For over 20 years, a small community in Kenya has been embarking on a rare experiment: a community without men, where women are the homeowners and breadwinners. Around 50 women and 200 children live in Umoja, a small village several hundred miles north of Nairobi, in the dry grasslands of the Samburu region.

According to The Guardian, Samburu culture is “deeply patriarchal. At village meetings men sit in an inner circle to discuss important village issues, while the women sit on the outside, only occasionally allowed to express an opinion.”

In 1990, Rebecca Lolosoli founded the village as a refuge for women who had experienced gender violence – including child marriage, female genital mutilation, and rape by British soliders. In addition to offering a safe place women to live, Umoja residents teach girls from neighboring villages about issues related to gender inequality.

Many of the women have turned to entrepreneurship as a way to support themselves. They charge visitors a small fee to enter the village, where they sell traditional handmade jewelry and crafts. They also operate a campsite for tourists on safari in the Samburu National Reserve.

The women don’t shun men altogether, but are intentional about whom they allow to visit the village and whom they partner with. In neighboring villages, men serve as the “head” of the household and describe women as the “neck”; many of them have multiple wives. In Umoja, it’s the reverse: some women have children with multiple fathers – whom they meet outside the village – but aren’t expected to marry or live subordinately to them.
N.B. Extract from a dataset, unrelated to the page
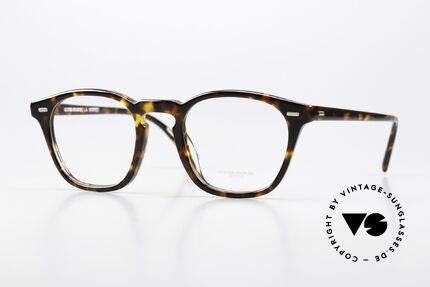 Oliver Peoples Elerson Classic Men's Eyewear Details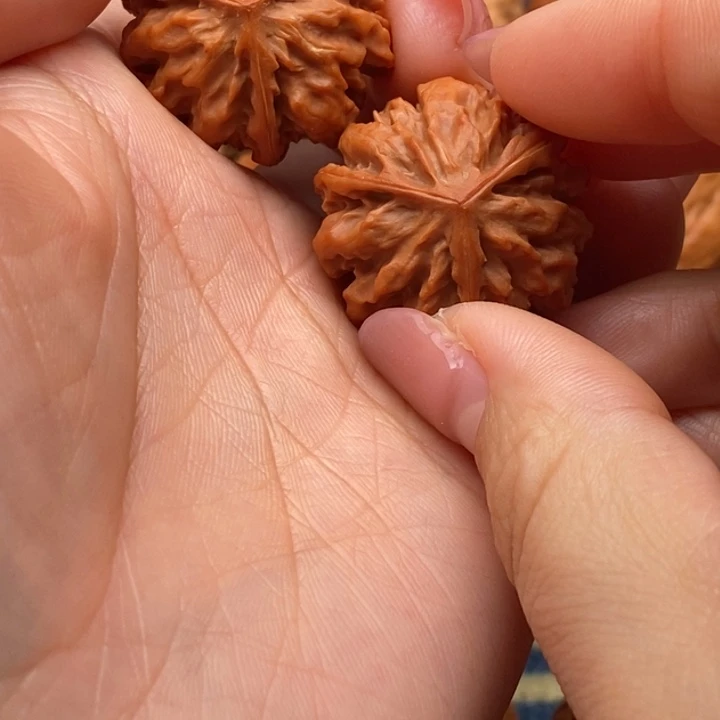 把件文玩核桃?****精品手捻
Lolosoli says she’s received threats from neighboring men — including when she traveled to a U.N. conference on gender in New York City — but stands firm in her role as matriarch of the village. She was the first Samburu woman to successfully request a divorce, and ran against her husband for political office.

A second community called Unity Village (the name Umoja also means “unity” in Swahili) was founded in 2011 by some former residents of Umoja.